━━━ MATERIALS PROVIDED

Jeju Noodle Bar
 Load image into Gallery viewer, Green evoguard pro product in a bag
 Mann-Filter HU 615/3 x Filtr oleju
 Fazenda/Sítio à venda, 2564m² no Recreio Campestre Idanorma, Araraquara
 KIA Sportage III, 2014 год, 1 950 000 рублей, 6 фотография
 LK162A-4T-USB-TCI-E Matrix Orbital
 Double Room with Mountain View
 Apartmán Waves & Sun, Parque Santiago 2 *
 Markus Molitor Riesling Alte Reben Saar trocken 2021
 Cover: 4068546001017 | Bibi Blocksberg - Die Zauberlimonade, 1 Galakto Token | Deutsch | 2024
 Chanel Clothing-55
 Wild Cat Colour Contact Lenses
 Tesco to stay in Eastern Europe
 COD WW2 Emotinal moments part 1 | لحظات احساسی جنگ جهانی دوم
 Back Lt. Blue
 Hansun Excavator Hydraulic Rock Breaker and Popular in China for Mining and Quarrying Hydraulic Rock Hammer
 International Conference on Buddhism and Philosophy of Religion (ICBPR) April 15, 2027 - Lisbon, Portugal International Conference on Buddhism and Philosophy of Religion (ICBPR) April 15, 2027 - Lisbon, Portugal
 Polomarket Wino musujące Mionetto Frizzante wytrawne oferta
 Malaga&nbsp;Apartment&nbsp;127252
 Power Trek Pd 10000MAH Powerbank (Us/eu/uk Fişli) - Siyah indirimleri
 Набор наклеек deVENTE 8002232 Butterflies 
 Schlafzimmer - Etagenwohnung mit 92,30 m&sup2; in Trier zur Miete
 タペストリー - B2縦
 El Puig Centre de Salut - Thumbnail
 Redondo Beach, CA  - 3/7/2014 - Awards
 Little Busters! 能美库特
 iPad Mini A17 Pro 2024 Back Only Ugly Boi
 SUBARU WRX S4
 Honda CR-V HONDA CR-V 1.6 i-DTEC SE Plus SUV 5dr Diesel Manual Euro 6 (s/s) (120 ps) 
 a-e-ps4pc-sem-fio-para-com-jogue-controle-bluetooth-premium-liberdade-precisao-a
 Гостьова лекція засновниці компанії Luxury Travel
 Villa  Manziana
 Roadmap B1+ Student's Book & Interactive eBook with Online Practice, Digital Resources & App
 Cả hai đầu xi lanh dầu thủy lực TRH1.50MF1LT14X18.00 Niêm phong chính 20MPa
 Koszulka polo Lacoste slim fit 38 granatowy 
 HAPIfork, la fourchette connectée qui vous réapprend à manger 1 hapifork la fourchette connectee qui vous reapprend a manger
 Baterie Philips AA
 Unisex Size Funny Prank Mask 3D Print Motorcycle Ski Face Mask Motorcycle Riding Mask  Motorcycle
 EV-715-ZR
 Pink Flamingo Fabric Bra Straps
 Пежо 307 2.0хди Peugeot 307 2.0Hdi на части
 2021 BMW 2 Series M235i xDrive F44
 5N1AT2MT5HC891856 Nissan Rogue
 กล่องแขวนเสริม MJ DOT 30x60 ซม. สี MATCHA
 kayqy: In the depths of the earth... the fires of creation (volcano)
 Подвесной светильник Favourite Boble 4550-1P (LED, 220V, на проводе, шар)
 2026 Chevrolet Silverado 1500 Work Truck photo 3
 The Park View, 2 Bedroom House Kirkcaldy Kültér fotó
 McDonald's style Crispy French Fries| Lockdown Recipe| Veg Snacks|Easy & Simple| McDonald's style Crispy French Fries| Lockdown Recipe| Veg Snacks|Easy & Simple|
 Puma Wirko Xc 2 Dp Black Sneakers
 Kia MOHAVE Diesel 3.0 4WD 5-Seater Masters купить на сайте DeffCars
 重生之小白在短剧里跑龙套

━━━━━━

* [TO DO]: In the data above, find the line with "iPad Mini A17 Pro 2024 Back Only Ugly Boi" and the line with "HAPIfork, la fourchette". Retype both, plus every line between them, exactly.

* [SOLUTION TO THIS EXERCISE]:
 iPad Mini A17 Pro 2024 Back Only Ugly Boi
 SUBARU WRX S4
 Honda CR-V HONDA CR-V 1.6 i-DTEC SE Plus SUV 5dr Diesel Manual Euro 6 (s/s) (120 ps) 
 a-e-ps4pc-sem-fio-para-com-jogue-controle-bluetooth-premium-liberdade-precisao-a
 Гостьова лекція засновниці компанії Luxury Travel
 Villa  Manziana
 Roadmap B1+ Student's Book & Interactive eBook with Online Practice, Digital Resources & App
 Cả hai đầu xi lanh dầu thủy lực TRH1.50MF1LT14X18.00 Niêm phong chính 20MPa
 Koszulka polo Lacoste slim fit 38 granatowy 
 HAPIfork, la fourchette connectée qui vous réapprend à manger 1 hapifork la fourchette connectee qui vous reapprend a manger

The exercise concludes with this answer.